Kulturelle Verbindung. Doch jetzt zog Arper die Ideen aus den Schubladen, die das Institut für sie öffnete. Der Hersteller überführte ein paar Skizzen aus dem Vermächtnis Bo Bardis, aber auch „die Handwerksqualität des Prototyps“, wie Feltrin betont, in den industriellen Produktionsprozess. Eine Auflage von 500 Stück wird daraus. Eine gute Gelegenheit zur Express-Profilierung eines Möbelproduzenten, dem man das junge Alter gar nicht so recht zutrauen wollte. Schon gar nicht, nachdem jetzt die Entwürfe aus den 1950er-Jahren in den Showroom-Auslagen stehen.

„Es ist toll, dass man jetzt den kulturellen Konzepten von Lina Bo Bardi neues Leben einhaucht“, freut sich Renato Anelli. Schließlich würde sie auch diesen Dezember ihren hundertsten Geburtstag feiern. Sein Institut versteht sich nicht nur als Archivar ihrer Entwürfe, sondern vor allem auch als Verwalter ihrer Ideen. Sogar die Führung des MASP, des Museo de Arte de São Paulo nach einem Entwurf von Lina Bo Bardi, hat diese nicht ganz durchschaut. Das Gebäude, ein simpler rechteckiger Block, steht auf vier Säulen. Den öffentlichen Raum darunter, erzählt Anelli, wollte das Museum sperren. Denn, wie es öffentlicher Raum nun einmal mit sich bringt, manchmal wird unter der Kunst in São Paulo auch demonstriert. Wie etwa kürzlich gegen die herannahende Fußball-WM. Nur: Lina Bo Bardi hatte den Raum bewusst für die Öffentlichkeit vorgesehen. Und schon war die nächste Protestbewegung mit Transparenten vor Ort. Diesmal gegen die Museumsführung.

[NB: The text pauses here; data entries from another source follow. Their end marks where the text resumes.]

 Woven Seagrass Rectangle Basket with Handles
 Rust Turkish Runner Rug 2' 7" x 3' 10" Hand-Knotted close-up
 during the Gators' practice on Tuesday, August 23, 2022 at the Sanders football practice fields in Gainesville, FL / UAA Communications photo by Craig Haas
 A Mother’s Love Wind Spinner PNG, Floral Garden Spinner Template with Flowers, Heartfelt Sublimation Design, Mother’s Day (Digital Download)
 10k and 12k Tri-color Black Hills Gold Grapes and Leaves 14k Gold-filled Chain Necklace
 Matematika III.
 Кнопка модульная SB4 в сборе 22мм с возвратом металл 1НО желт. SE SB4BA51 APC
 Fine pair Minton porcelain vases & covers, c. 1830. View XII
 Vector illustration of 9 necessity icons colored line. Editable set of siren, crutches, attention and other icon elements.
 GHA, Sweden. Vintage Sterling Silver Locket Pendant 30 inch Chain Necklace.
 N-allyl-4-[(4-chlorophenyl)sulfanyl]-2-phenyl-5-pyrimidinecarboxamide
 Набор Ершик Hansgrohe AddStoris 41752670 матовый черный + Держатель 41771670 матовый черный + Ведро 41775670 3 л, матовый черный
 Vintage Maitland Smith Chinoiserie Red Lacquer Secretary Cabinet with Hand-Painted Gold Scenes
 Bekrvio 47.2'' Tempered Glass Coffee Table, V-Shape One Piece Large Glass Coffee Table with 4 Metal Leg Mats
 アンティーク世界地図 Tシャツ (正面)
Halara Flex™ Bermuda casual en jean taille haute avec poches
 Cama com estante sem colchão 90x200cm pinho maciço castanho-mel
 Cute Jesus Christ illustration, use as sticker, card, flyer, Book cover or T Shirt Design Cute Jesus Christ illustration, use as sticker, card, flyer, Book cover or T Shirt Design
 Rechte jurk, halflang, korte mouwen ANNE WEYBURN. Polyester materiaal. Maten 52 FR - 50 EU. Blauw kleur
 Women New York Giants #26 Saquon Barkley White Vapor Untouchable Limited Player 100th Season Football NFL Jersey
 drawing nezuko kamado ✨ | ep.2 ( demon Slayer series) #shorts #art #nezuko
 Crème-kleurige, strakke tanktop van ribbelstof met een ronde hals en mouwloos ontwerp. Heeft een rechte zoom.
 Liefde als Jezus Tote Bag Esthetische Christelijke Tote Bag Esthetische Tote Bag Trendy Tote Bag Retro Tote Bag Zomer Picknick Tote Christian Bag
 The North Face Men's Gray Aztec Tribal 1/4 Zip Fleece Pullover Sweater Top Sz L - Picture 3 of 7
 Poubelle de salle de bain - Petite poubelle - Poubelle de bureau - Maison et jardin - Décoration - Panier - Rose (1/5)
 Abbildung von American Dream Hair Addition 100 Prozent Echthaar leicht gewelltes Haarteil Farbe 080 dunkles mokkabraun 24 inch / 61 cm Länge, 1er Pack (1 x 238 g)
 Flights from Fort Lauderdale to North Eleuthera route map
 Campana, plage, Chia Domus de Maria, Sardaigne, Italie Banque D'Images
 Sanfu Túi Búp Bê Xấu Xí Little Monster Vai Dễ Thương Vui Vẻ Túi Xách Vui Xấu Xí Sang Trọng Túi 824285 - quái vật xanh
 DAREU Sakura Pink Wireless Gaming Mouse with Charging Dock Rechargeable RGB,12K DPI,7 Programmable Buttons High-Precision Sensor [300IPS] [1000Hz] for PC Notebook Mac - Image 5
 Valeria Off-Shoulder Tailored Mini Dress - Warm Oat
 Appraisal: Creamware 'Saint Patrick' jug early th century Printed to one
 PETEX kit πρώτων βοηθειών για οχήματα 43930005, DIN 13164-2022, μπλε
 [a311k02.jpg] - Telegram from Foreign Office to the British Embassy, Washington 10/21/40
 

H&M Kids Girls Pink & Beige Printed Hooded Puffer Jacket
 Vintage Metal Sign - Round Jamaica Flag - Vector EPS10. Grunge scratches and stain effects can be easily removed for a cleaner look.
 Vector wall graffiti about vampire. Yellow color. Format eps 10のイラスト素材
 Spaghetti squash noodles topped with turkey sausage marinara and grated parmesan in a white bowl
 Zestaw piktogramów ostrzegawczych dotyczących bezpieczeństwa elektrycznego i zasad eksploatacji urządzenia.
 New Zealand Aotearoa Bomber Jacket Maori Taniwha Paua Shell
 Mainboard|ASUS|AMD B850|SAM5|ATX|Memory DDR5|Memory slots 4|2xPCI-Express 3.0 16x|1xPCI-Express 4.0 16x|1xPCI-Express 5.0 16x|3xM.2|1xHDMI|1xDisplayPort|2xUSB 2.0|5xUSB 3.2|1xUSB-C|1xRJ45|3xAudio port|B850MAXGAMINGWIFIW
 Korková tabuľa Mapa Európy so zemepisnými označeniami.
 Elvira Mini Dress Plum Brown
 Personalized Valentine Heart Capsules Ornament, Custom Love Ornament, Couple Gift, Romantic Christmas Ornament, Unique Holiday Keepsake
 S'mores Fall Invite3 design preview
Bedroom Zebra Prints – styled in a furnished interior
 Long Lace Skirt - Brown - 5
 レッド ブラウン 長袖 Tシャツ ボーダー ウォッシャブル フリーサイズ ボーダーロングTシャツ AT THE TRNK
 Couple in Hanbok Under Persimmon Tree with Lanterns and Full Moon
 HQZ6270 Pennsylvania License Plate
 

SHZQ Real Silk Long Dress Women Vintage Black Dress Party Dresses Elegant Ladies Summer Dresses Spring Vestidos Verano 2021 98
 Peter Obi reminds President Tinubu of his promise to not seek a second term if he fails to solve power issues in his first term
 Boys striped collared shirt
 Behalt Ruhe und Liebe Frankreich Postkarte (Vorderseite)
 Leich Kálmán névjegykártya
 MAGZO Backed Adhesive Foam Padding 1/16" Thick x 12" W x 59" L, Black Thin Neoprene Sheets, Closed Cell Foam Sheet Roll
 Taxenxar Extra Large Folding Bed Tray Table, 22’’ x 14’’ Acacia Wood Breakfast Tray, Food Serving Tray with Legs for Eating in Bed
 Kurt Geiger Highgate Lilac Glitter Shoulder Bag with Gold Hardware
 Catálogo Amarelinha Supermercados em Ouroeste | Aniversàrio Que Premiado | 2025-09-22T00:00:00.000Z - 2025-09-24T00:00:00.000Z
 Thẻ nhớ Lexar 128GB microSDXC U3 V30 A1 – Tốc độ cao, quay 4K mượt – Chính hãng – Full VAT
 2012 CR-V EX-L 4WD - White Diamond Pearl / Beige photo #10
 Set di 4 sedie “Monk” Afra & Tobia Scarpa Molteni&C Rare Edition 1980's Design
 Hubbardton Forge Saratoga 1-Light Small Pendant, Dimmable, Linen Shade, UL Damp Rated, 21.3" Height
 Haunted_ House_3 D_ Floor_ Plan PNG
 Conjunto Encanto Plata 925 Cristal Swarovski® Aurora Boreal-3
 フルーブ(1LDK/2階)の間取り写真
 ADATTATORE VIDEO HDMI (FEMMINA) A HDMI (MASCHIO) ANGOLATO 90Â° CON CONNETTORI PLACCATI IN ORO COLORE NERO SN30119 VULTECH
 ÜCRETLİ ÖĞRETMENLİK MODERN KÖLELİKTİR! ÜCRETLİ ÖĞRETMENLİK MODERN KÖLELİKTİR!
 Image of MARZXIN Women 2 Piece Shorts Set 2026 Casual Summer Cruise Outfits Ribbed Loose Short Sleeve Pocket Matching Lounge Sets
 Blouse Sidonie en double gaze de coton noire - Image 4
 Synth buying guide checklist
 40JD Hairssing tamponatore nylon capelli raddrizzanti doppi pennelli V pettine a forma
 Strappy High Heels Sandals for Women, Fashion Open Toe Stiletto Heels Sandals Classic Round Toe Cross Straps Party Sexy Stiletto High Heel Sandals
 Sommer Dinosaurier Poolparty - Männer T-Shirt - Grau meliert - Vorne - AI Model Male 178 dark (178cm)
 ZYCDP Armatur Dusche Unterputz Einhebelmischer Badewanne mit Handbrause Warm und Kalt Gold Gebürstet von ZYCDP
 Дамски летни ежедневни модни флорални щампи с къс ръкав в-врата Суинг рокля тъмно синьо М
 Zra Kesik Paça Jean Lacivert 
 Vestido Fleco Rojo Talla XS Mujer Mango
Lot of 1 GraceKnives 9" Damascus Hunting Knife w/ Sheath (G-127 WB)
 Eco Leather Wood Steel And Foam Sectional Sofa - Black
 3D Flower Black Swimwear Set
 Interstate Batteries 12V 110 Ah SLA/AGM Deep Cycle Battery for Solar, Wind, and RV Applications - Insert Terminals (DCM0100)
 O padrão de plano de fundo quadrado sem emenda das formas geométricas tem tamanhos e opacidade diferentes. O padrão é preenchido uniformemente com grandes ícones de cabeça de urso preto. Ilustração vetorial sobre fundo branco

Die Ideen bewahren, das braucht auch Geld. Die Einnahmen aus dem Verkauf des Bowl Chairs kommen laut Feltrin dem Institut zugute. Und auch der Wanderausstellung „Together“, die gerade durch Europa zieht und „mehr die Einstellung Bo Bardis als ihre Entwürfe“ abbilden will, wie Kuratorin Blager anmerkt.
Zumindest nach Amsterdam, Berlin und Mailand wird sie noch reisen, um auch dort zu demonstrieren, was Claudio Feltrin an der Architektin so faszinierend fand: „Nämlich den Menschen in den Mittelpunkt jedes Projektes zu stellen. Dadurch fühlten wir uns zu Lina hingezogen.“ Diese Sympathie hat in den Schüsseln ihre Form gefunden, die in der Clerkwell Road, wo die bekanntesten Designhersteller ihre Stücke in die Auslage stellen, präsentiert wurden. Und dort in den Farben und Mustern des brasilianischen Designers Dani Moura dem grauen Londoner Februar trotzen.

Info

Lina Bo Bardi wurde 1914 geboren. Sie arbeitete als Architektin, Redakteurin und Illustratorin, gemeinsam mit Gio Ponti gründete sie das „Lo Stile“-Magazin. Gemeinsam mit Carlo Pagani war sie bis 1945 Chefredakteurin von „Domus“. 1946 zog sie nach Brasilien, wo sie den Galeristen und Kunstkritiker Pietro Maria Bardi heiratete, der das MASP, das Museo de Arte de São Paulo gründete und führte. 1968 wurde schließlich der Gebäudeentwurf Bo Bardis an der Avenida Paulista realisiert. In ihrer Casa de Vidro (oben rechts) wohnte sie im Stadtteil Morumbi von São Paulo gemeinsam mit ihrem Mann. Heute ist dort das Instituto Lina Bo & P. M. Bardi beheimatet.